> _Work order_
Lines in the entries below where the word "print" shows up should each be copied.

> _Records for the exercise_
------------------------------------------------------------------------

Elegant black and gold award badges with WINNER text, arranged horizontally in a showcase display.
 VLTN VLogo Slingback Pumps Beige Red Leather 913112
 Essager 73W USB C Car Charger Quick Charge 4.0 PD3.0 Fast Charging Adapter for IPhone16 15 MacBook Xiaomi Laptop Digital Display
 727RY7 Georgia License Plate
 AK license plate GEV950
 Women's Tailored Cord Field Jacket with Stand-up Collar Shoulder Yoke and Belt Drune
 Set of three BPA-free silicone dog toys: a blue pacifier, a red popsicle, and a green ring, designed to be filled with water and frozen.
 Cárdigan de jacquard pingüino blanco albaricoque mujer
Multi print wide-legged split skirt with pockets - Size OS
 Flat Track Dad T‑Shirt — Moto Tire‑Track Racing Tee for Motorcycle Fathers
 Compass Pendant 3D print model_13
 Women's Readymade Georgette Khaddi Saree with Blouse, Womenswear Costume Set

------------------------------------------------------------------------

> _Response area_
Multi print wide-legged split skirt with pockets - Size OS
 Compass Pendant 3D print model_13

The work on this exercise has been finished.